The leaked draft decision also pointedly includes LGBT rights as the next target. This isn't just about abortion; it's about removing barriers that prevent the government from dictating morality rather than letting the citizens decide for themselves.
Indeed, Alito beclowned himself with an embarrassing even by his standards intellectually dishonest argument where this will somehow only apply to abortion, because abortion is special, and involves a life, but somehow, contraception doesn't (even though many contraception methods involve not allowing a fertilized egg to implant, not that Alito's ignorant ass thought of that), and there's some magical limiting principle where every argument he made against Roe only applies to abortion... there's no right to privacy, but don't worry about the other things based on it, because abortion is just special like that, and we totally won't say the same thing about everything else.
I've seen better writing from 1Ls. But I guess you're tightly constrained when being a partisan hack trying to explain how unprincipled you are.
He doesn't have to write well to be better than what he's eviscerating, though; Even a lot of legal scholars who like the outcome admit that Roe was an unprincipled hack job that scarcely even tried to look like real constitutional reasoning.
But, yes, he probably did try to limit the damage to just THIS particular judicial usurpation, I doubt the votes were there to clean up every judicial over-reach in the last half century.
Pretty sure if you asked those academics, they'd tell you that not on sound legal footing != an unprincipled hack job.
Don't Supreme court justices have some sort of obligation to make sure their rulings, especially the ones with major impact, be on a sound legal footing? I think that pretty much does imply that "not on a sound legal footing" = "an unprincipled hack job" for major cases.
Sure, but that's also in the eyes of the beholder.
To me, Kennedy failed the 'sound legal footing' test every decision he wrote. But he wasn't an unprincipled hack. See how that works?
Well what is the originalist case for gay marriage. I’m proud to be from one of the very few states that legalized gay marriage democratically, rather than by judicial fiat.
It’s worth noting that judicial meddling set back gay marriage at least a decade. Before the Hawaii and Massachusetts Supreme courts stepped in where they had no business, not a single state had a constitutional single sex ban. After the courts got involved over 30 states had constitutional provisions banning it, making it very difficult to solve the issue by normal political means. That’s a clear example of the courts stepping in an issue and making it more of a problem than it was.
The originalist case for gay marriage is that original public meaning allowed for the framework of rights the Constitution set up to evolve via the usual way such things did at the time - incrementally, as with common law.
It's not my case for gay marriage, but that's what real originalists like Baude say.
Anti-Sodomy and "Crimes against nature" laws were an effective ban on same-sex marriage. Those existed long before the first state legalized same-sex marriage. Polls are showing over 2/3rds support for same-sex marriage as of 2021, but they also show 61% support for some form of abortion. I don't think it's the courts that are causing this issue but the nature of our primary elections combined with changes brought about by internet-based communication.

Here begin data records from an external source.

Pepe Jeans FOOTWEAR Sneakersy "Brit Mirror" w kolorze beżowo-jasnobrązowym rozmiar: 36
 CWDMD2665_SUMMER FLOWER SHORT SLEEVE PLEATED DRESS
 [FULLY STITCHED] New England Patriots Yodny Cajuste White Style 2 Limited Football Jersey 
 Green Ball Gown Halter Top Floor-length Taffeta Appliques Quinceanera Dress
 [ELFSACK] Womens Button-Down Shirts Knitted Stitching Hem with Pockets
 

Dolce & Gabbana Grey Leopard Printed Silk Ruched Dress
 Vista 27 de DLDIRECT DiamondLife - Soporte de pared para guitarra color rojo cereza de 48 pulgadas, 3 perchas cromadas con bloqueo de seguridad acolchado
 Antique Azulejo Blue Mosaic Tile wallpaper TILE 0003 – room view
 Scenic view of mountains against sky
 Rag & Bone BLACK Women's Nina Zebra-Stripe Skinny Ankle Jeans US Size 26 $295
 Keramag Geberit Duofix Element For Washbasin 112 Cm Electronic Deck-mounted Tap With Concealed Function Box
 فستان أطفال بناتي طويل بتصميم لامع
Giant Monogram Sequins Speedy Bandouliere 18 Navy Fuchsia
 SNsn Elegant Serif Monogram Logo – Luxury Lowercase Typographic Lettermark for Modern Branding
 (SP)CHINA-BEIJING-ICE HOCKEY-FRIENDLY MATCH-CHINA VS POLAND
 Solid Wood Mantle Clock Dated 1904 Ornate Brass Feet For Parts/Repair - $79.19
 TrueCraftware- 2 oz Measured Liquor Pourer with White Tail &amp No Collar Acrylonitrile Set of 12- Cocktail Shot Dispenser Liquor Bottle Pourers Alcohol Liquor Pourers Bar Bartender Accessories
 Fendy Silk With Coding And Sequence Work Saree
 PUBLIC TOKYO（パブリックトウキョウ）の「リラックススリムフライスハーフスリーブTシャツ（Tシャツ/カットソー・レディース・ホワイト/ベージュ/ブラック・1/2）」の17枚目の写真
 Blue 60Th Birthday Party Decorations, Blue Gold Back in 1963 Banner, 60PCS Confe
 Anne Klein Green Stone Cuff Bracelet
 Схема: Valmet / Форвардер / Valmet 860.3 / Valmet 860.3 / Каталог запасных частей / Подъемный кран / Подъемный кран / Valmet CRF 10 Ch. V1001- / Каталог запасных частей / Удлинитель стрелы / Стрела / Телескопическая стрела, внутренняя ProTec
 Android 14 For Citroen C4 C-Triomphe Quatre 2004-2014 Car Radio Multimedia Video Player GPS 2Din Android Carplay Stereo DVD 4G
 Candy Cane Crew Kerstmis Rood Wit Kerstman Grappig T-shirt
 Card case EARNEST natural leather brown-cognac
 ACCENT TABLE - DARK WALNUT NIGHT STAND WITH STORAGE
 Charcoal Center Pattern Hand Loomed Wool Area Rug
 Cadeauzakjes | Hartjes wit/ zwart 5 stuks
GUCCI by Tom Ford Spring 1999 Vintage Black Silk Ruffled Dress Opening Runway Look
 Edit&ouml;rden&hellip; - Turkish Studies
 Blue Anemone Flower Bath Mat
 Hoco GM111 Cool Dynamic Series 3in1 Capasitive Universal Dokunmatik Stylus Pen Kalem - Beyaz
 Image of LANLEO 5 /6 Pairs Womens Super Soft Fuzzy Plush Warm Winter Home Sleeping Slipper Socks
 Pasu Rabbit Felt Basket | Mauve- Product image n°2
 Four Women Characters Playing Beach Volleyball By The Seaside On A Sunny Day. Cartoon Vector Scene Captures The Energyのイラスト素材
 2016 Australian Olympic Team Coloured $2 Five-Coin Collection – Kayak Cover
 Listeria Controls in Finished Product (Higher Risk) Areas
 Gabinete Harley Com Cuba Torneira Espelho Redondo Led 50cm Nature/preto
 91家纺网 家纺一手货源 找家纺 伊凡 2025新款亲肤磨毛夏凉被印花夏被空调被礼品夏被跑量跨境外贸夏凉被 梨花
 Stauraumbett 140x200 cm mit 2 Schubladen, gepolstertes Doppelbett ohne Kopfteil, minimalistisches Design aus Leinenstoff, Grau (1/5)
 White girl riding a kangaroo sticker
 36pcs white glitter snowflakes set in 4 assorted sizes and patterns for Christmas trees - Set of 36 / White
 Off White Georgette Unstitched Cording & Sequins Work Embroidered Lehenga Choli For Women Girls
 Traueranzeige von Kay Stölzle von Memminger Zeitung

Returning an issue to the States is not " letting the citizens decide for themselves"???
Okay.
Really? Cite the page and paragraph. Everything I've seen explicitly states this applies to abortion only and does not include marriage.
Imagine a conservative justice complaining about liberal justices distorting things. That quote is a good laugh.
It's not that the liberal justices don't, just god damn are conservatives blind to their own bullshit.
Well, finally got a chance to start reading it. I'm only a couple pages in, but this is clearly going to be entertaining, Alito is being brutal.
I like some sophistry in my dissents. But as a main opinion, even one I disagree with, I hope he tones it down a few notches. The emotionalism undermines the opinion as it is.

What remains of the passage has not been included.